Posted on 2021-07-05 Edited on 2021-07-22 Views:

Symbols count in article: 1k Reading time ≈ 1 mins.

Rectifier Nonlinearities Improve Neural Network Acoustic Models

Background

A single hidden unit's activation \(h^{i}\) is given by:

\[h^{(i)} = \sigma ({\mathbf{w}^i}^T \mathbf{x})\]

Where \(\sigma (\cdot)\) is the tanh function.

Some drawbacks of tanh:

Vanishing gradient problem when lower layers of a DNN have gradients of nearly 0 because higher layer units are nearly saturated at \(-1\) or \(1\).
Does not produce a sparse representation in the sense of hard zero sparsity when using tanh.

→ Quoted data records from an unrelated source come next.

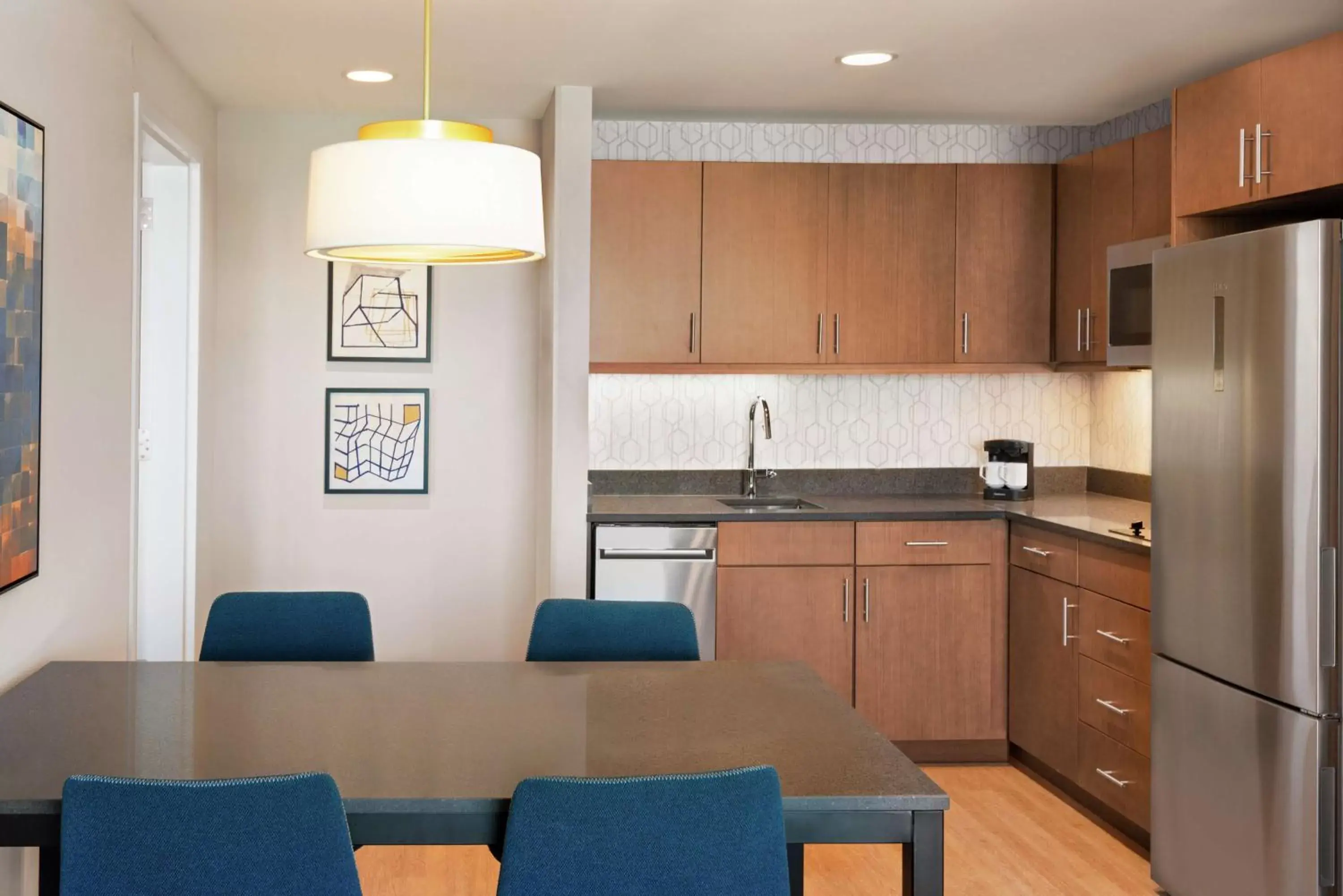 Kitchen or kitchenette, Kitchen/Kitchenette in Homewood Suites By Hilton Wilmington Downtown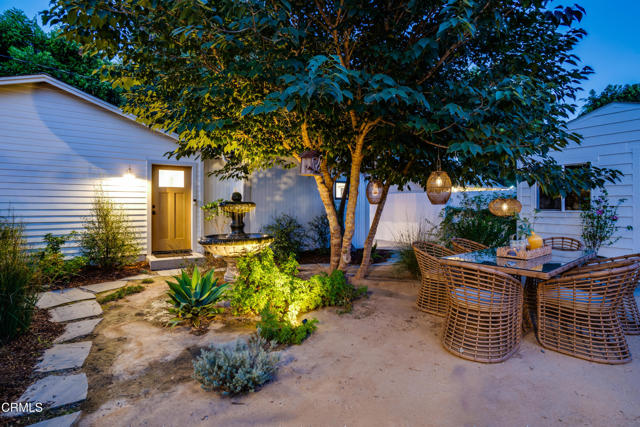 1100 Meridian Avenue, South Pasadena CA: https://media.crmls.org/mediaz/00b8fbf0-7d06-4327-8495-37a7c8c63783.jpg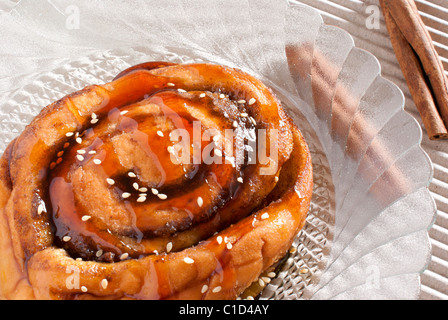 Süß gewürzt fünf Mandarin Brötchen mit Honig und Sesam Stockfoto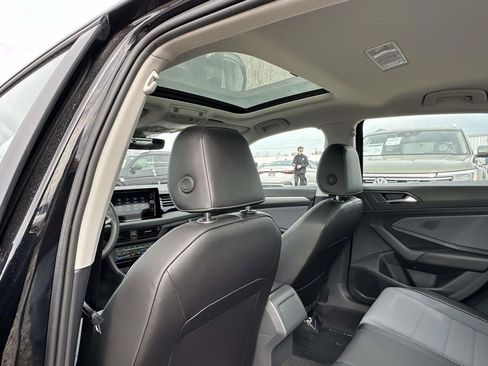 New 2026 Volkswagen Jetta SE FWD image 10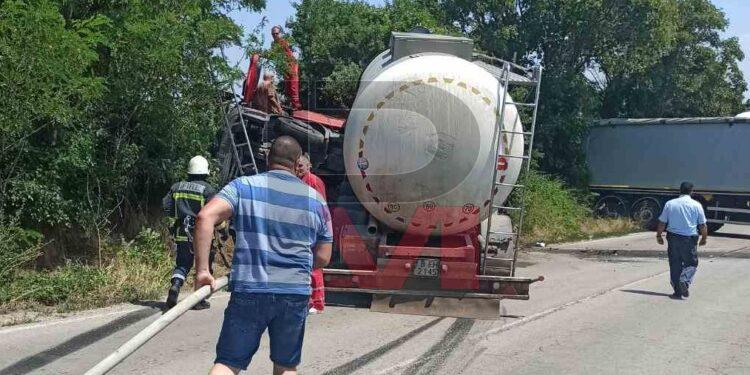 Челен удар между тир и цистерна затвори пътя Бяла-Попово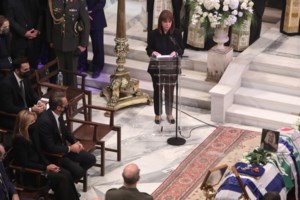 Φώφη Γεννηματά – Βουρκωμένος ο Χριστοδουλάκης: Ανέστησες ένα κόμμα, χωρίς εσένα θα ήταν μια ανάμνηση [Βίντεο] - εικόνα 4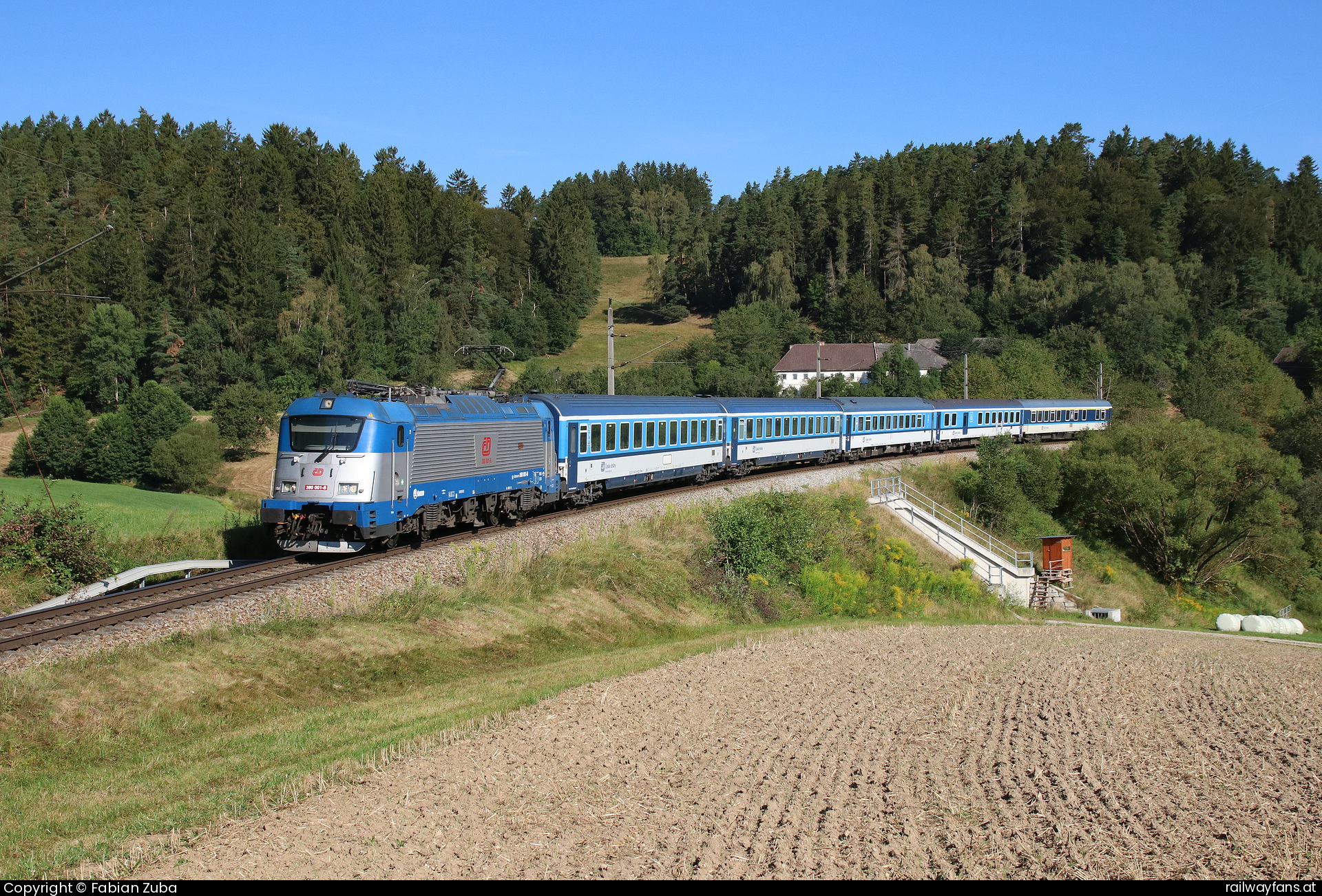 České dráhy 380 001 in Großhaarbach mit dem EC 331   Railwayfans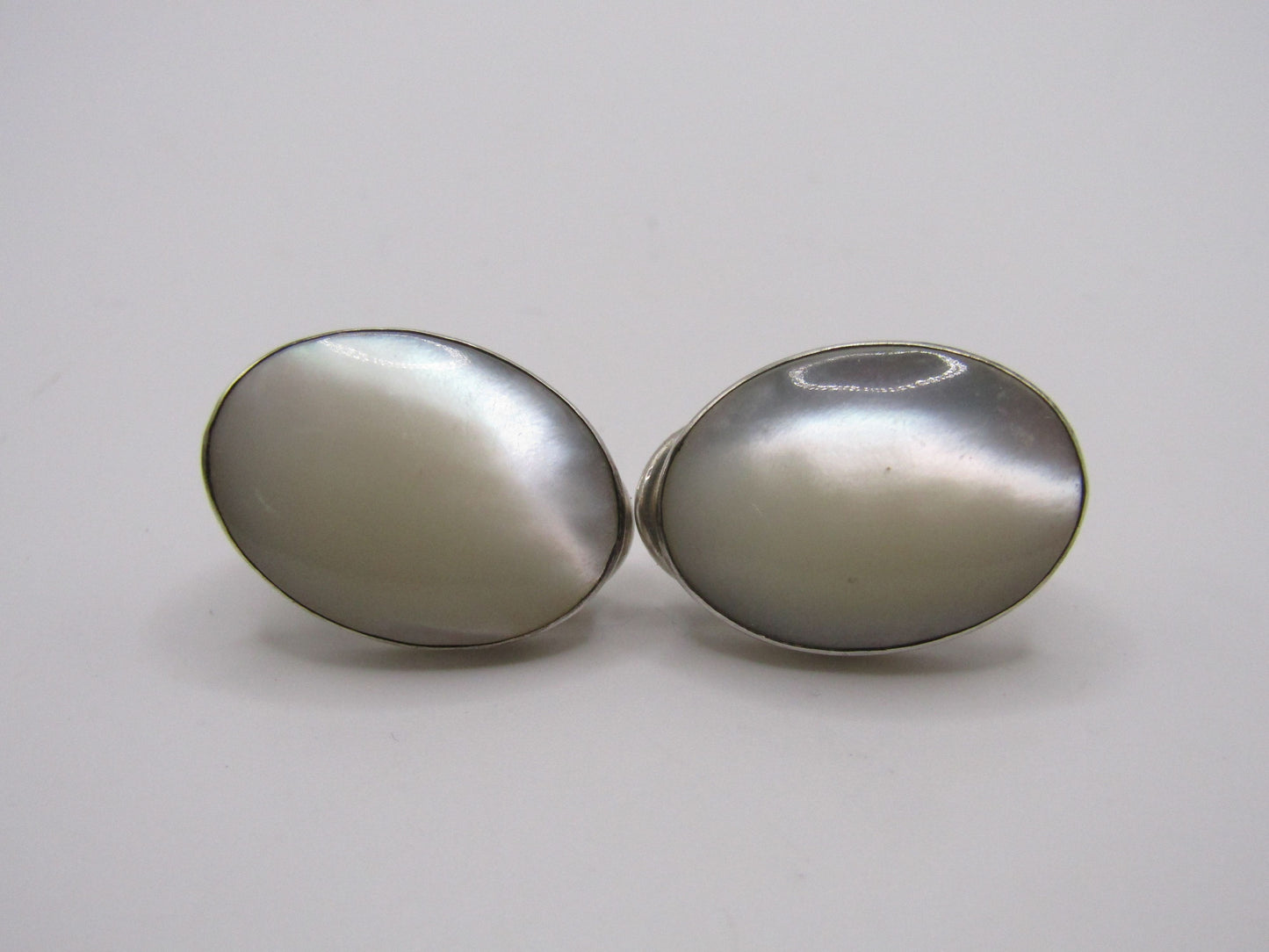 Vintage Sterling Silver Oval Mother of Pearl Clip-On Earrings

ReLU addresses the vanishing gradient problem because activate units will constantly have gradient of 1. It also provides sparse representation which is useful in classification. However, an inactivate unit may never activate because gradient-based optimization algorithm will not adjust the weights of a unit that never activates initially. Thus, we might expect the learning to be slow.

Leaky ReLU

LReLU allows for a small, non-zero gradient when the unit is saturated and not active:

\[ h_i = \max({\mathbf{w}^i}^T \mathbf{x}, 0) = \begin{cases} {\mathbf{w}^i}^T \mathbf{x}, \quad & {\mathbf{w}^i}^T \mathbf{x} > 0\\ 0.01{\mathbf{w}^i}^T \mathbf{x}, \quad & {\mathbf{w}^i}^T \mathbf{x} \leq 0\\ \end{cases} \]